Diversifying into self-storage is currently a popular trend for farm owners; in fact, the self-storage market has a turnover of more than £540m per year.
If your land features good access and is preferably near a main road or town, this could make an excellent location for a self-storage business. If you’re hoping to cater to private individuals, keep an eye out for local housing developments in your area; an influx in houses means more people moving home, meaning a greater need for self-storage. For areas where businesses are thriving, commercial self-storage may be a success.
When converting an agricultural building into a self-storage facility, smaller-scale operations could potentially be executed under permitted development rights.
When it comes to weddings, venues are often the largest expense. This makes a successful wedding venue a very profitable venture. However, it’s important to consider that this is a very competitive market, so if there are many other established wedding venues in your area, it may be that you consider a different route for diversification.
If you do spot a gap in the market for your location and want to consider converting your agricultural building into a wedding venue, you’ll need to look at planning permission for change of use.
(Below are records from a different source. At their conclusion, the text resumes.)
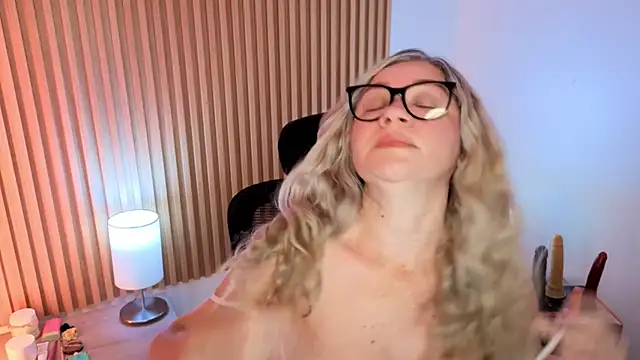 MarianL0ve online show from 4, 4, 2026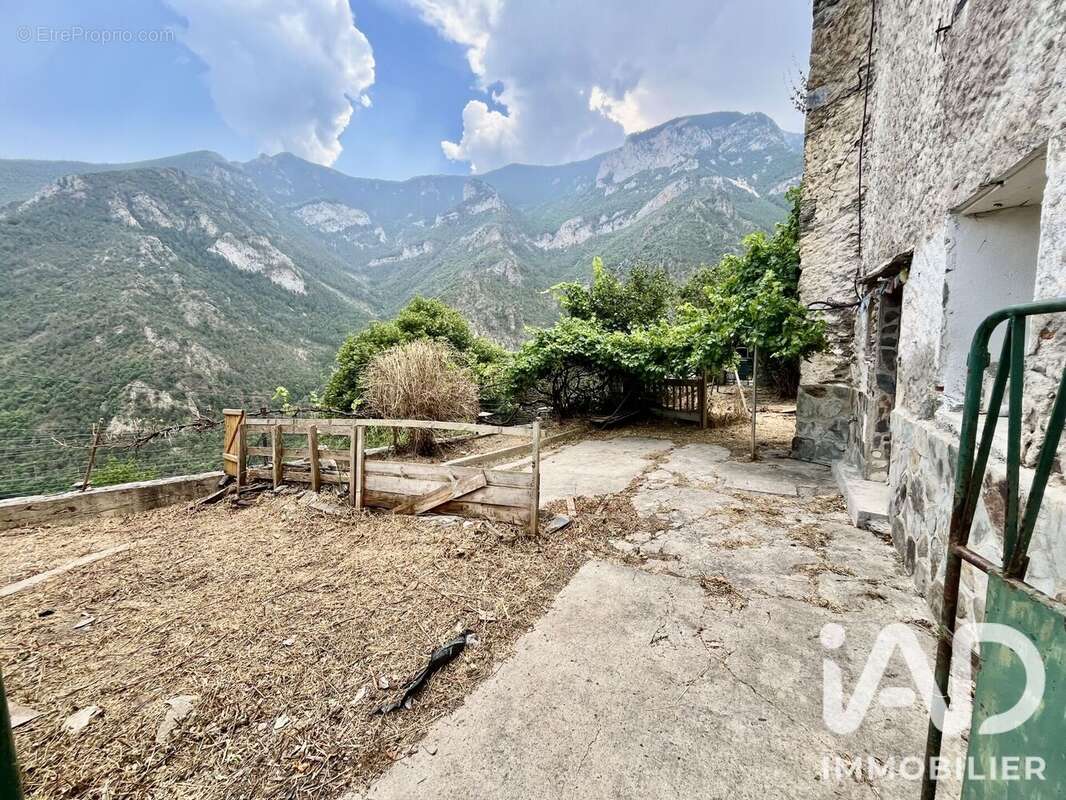 Maison 45 m² à Nohedes  - photo 6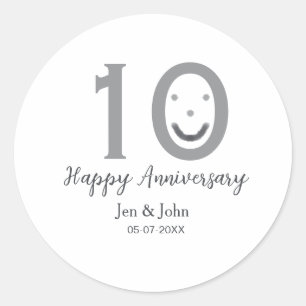 Sticker Rond Joyeux 10e anniversaire nom date gris emoji gras
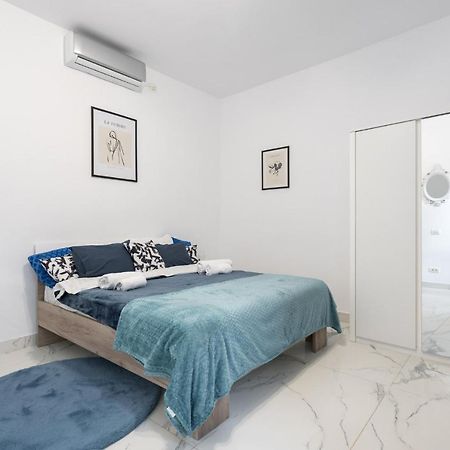 Blue-Line-Apartment-Unirii Bucarest Esterno foto
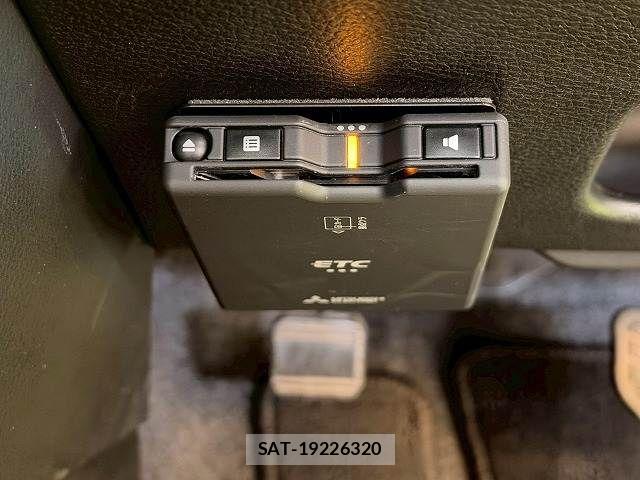 Mitsubishi DELICA 2024-04 6671121-8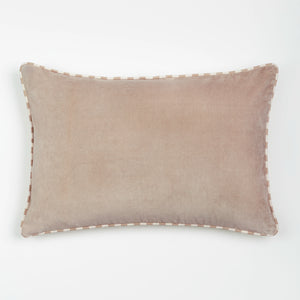 Capa de almofada decorativa no tamanho 40x60 cm na cor areia confeccionada em veludo premium de toque extremamente macio com acabamento em vivo nas bordas e zíper embutido, perfeito para valorizar poltronas ou camas com uma proposta de design têxtil autêntico e refinado.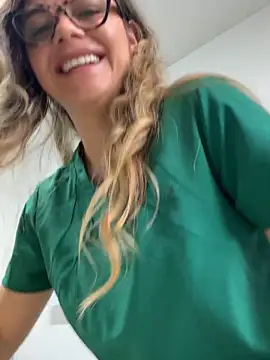 alicee16 live sex cam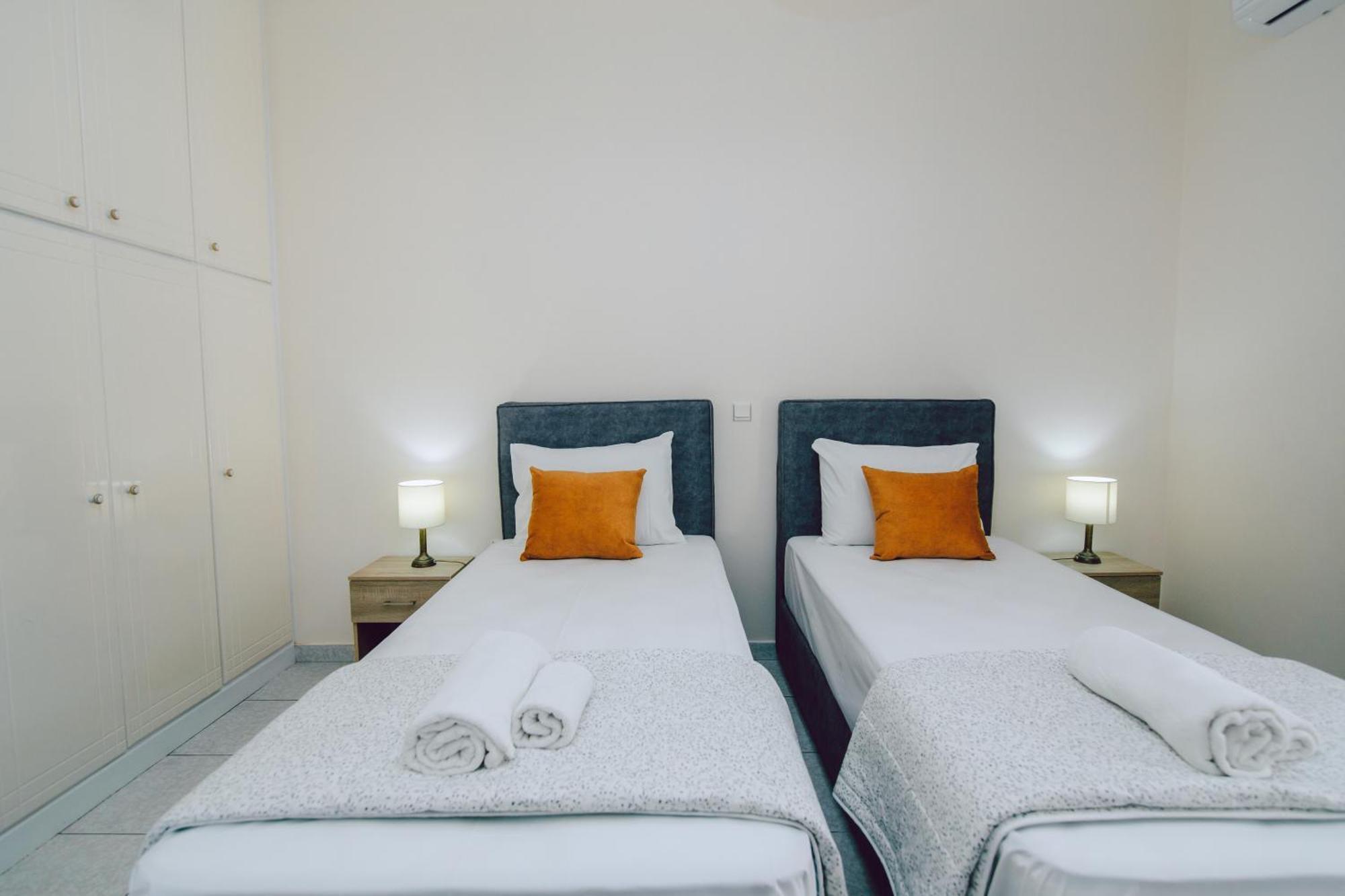 Andromahi Apartments & Suite ラガナス エクステリア 写真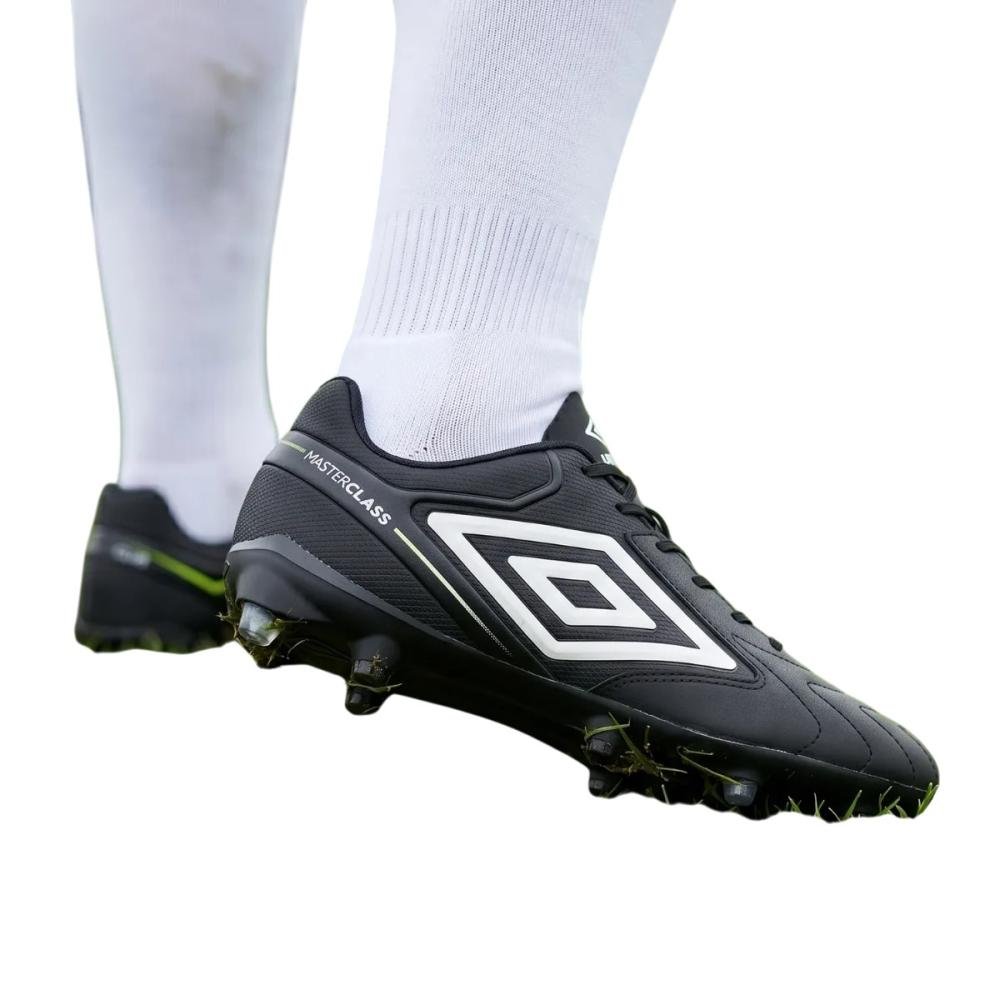 Chuteira Campo Umbro Master Class Club Preto 3
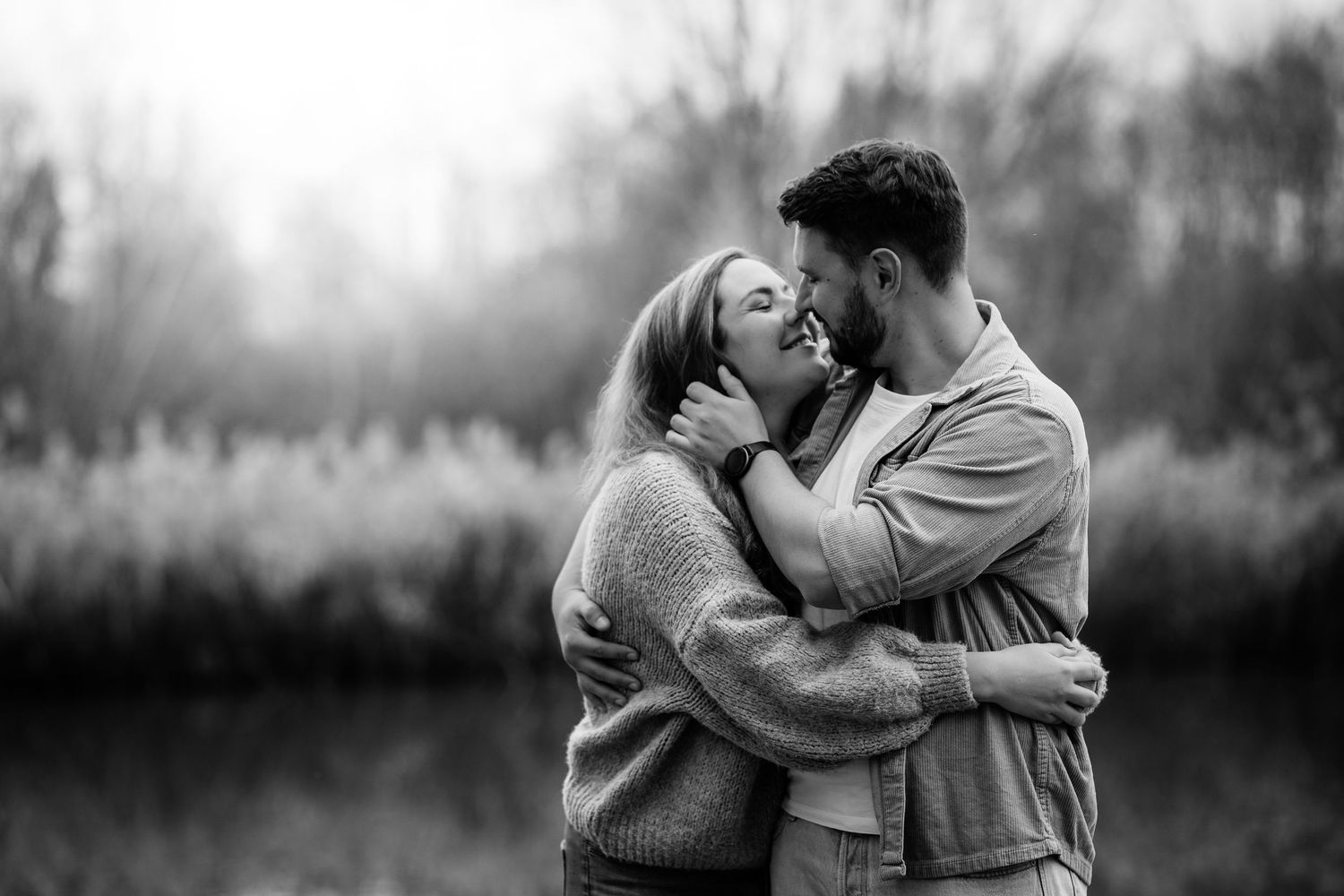 Romantisches Pärchenfoto am See, fotografiert von Fotografin Christina Förster, Fotograf Bochum, Witten, Dortmund, Ruhrgebiet, NRW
If the building is historic, this may be an excellent unique selling point for your venue; however, you may also need to obtain listed building consent in order to make alterations. With this kind of diversification, appearance and comfort will be two of the most important aspects to keep in mind during the conversion; an architect will be able to help you with these points and guide you through the process with ease.
If you are interested in diversifying by converting a barn on your land, please get in touch with our team of Chartered Architects and Surveyors, who would be delighted to discuss your needs. Call us on 01284 760421 or visit our Contact page.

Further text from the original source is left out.